While there was a "clear and present danger" from terrorists across the globe and a need to confront them, the Bush Administration's obsession with Saddam Hussein took us into the wrong war at the wrong time.
As a result, terrorists are free to act at will on a worldwide basis while the U.S. searches for a way out of the Iraqi morass and while most of the rest of the world watches from the sidelines.
If we haven't learned already, hopefully we will by the time we extract from Iraq, that military power does not automatically translate into political and economic stability. We need urgently to find new approaches which, if they cannot solve a crisis, at least will allow us to manage—with the help of others—the problems that are surfacing as part of an entirely new set of circumstances.

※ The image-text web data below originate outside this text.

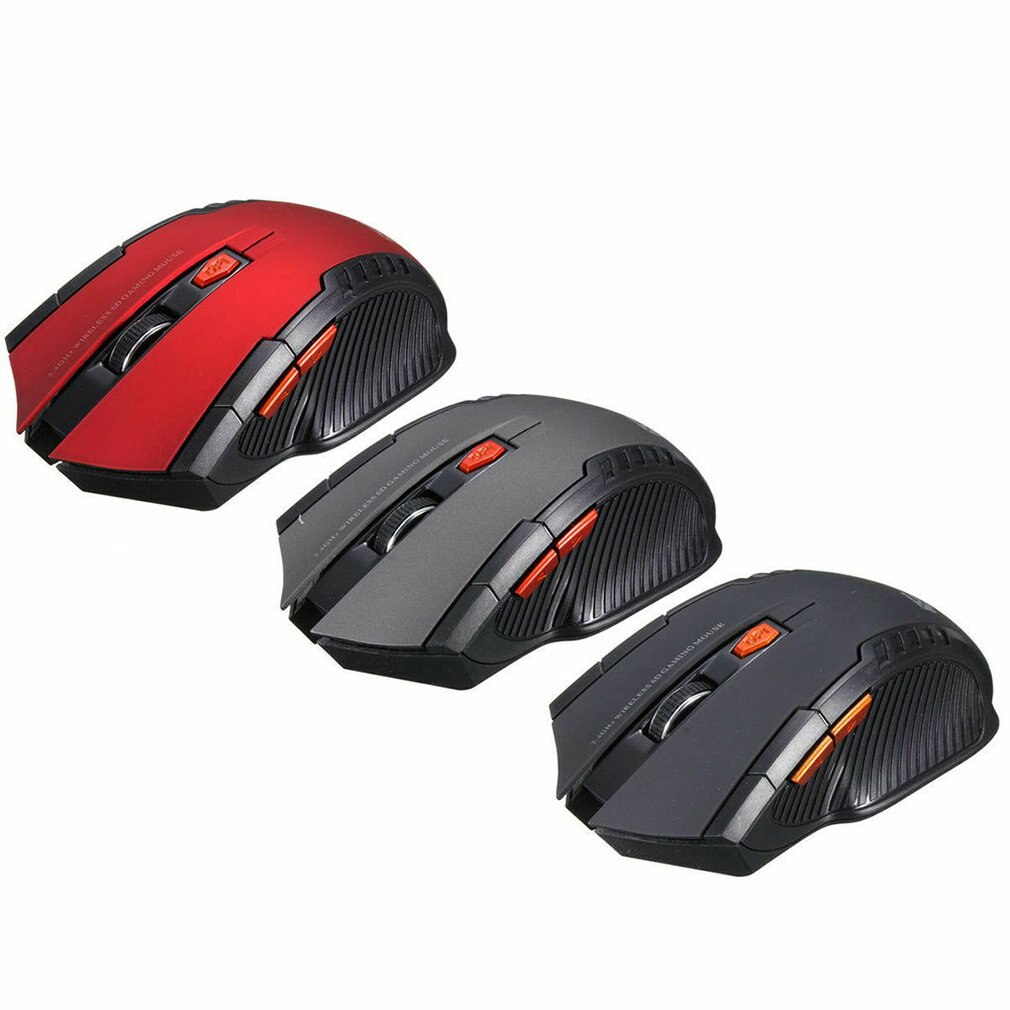 2.4 ghz trådlös gamingmus usb mini mus trådlösa möss för pc notebook stationära gaming bärbara datorer datormus gamer tillbehör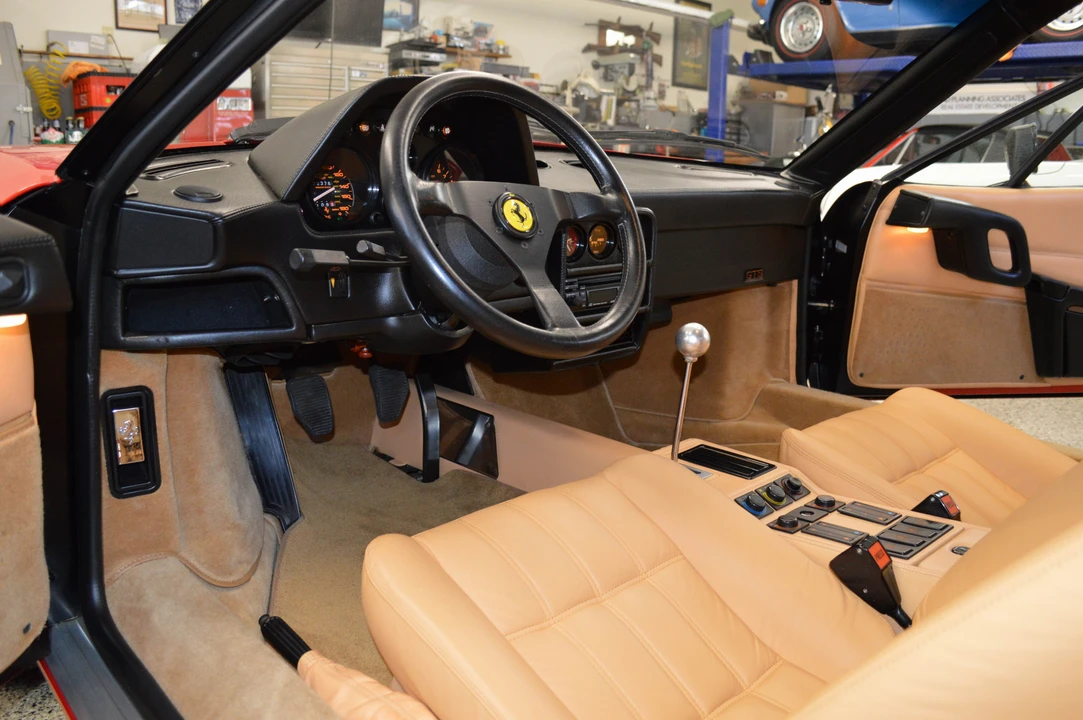 1988 Ferrari 328 GTS - Image 28 of 31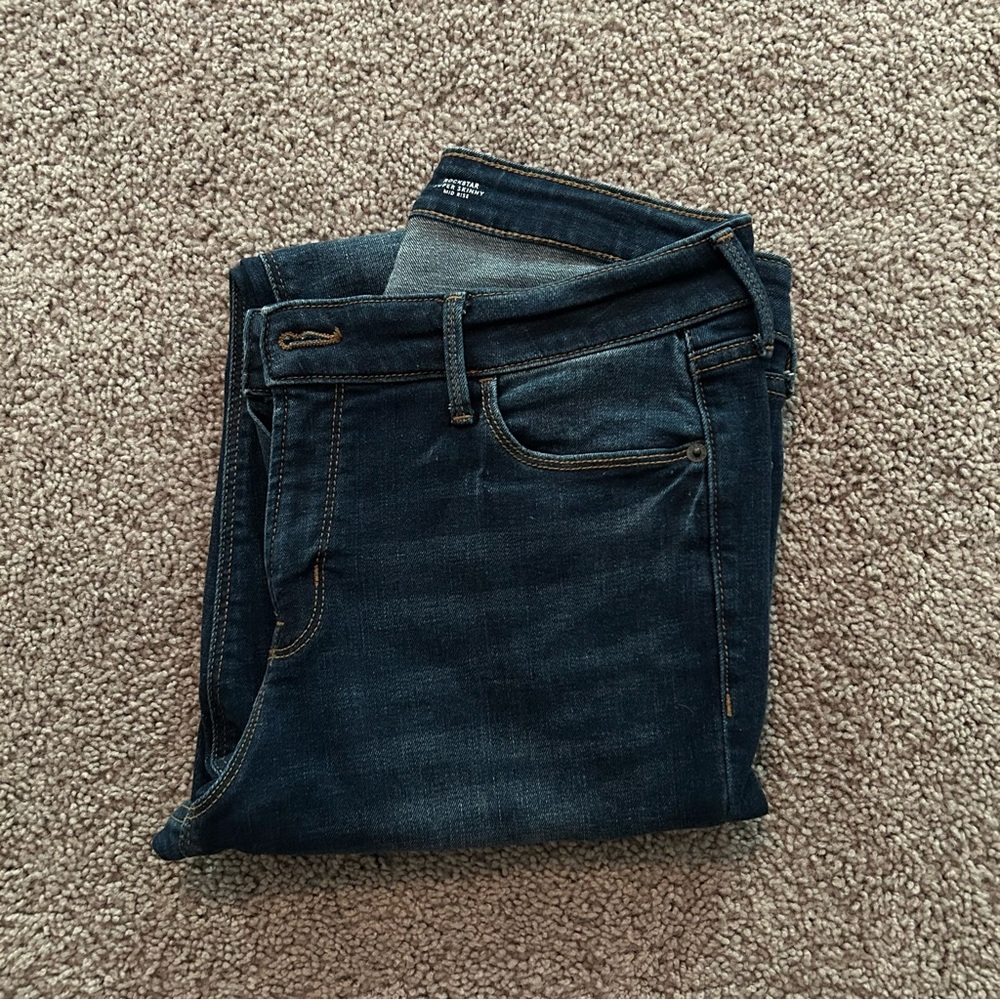 Classic Blue Women's Jeans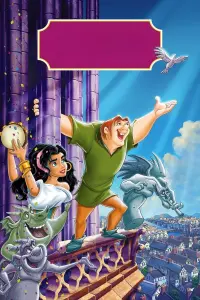 Poster to the movie "The Hunchback of Notre Dame" #239872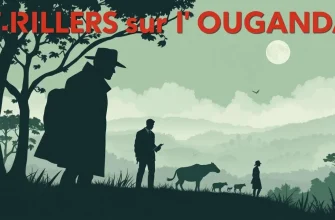 Meilleurs Thrillers sur l'Ouganda
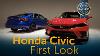 2022 Honda Civic First Look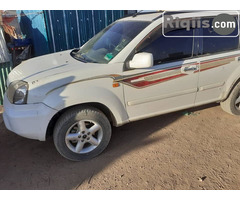 gaadhi iiba Suzuki XTRIAL hargeisa car for sale - Image 3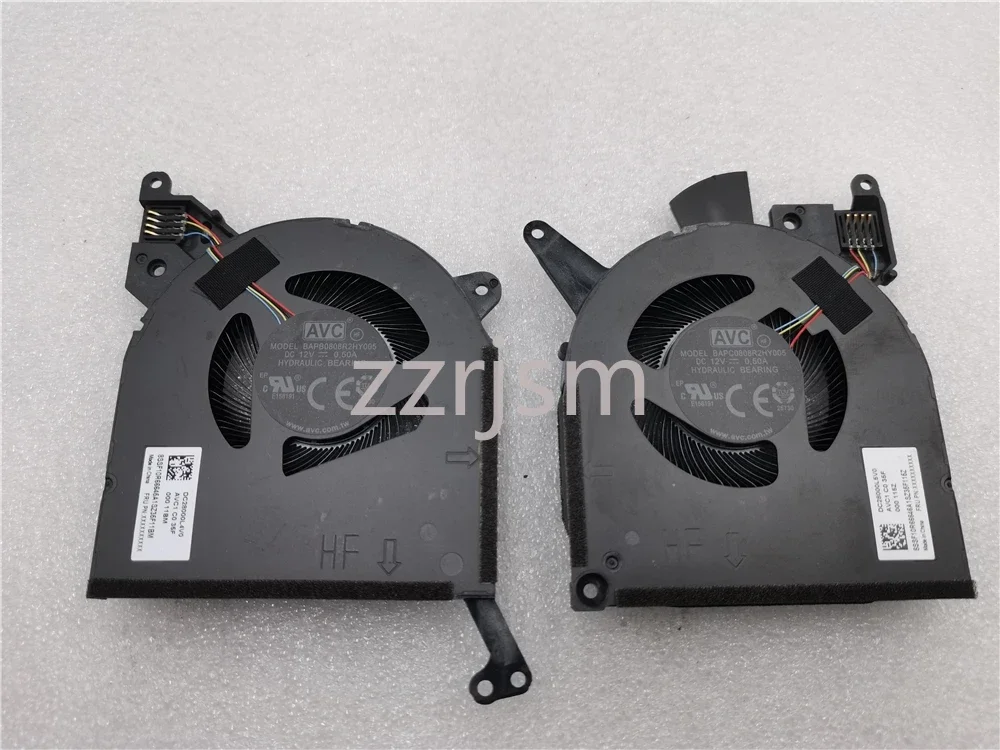 5F10S14116 R+L CPU GPU FAN FOR Legion Slim 5 14APH8 (82Y5000AUS)
5F10S14116 R+L CPU GPU FAN FOR Legion Slim 5 14APH8 (82Y5000AUS)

The U.S. is today the world's sole superpower. If it is our goal to maintain this status quo, like it or not, the U.S. needs to use our considerable political, economic, moral, and military influence to develop and shape a permanent "stand alone" peacekeeping mechanism within the United Nations.
The United Nations has indicated that it is willing to take a more active role in the fight on terrorism, on conflict resolution and to carry out more peace operations. The outbreak of ethnic fighting in the former Yugoslavia brought extensive if not always successful U.N. involvement and mediation. Elsewhere, in the Far East, in Africa, and in Central America, U.N. supervised peace agreements have contributed to the return of stability and encouraged regional participation in finding solutions to regional problems.
While we and the UN should study past operations for "lessons learned", we must carefully avoid becoming mired by the past. The Cold War with its deep east-west antagonisms is history. The future promises closer cooperation among the five permanent members of the Security Council, a promise already realized for many UN operations. Terrorism threatens all five permanent members and so provides a pragmatic basis for cooperation. This cooperative spirit suggests that the Security Council, if provided adequate and experienced staff support, can increasingly assume responsibility for peace operations as alternatives to unilateral military action.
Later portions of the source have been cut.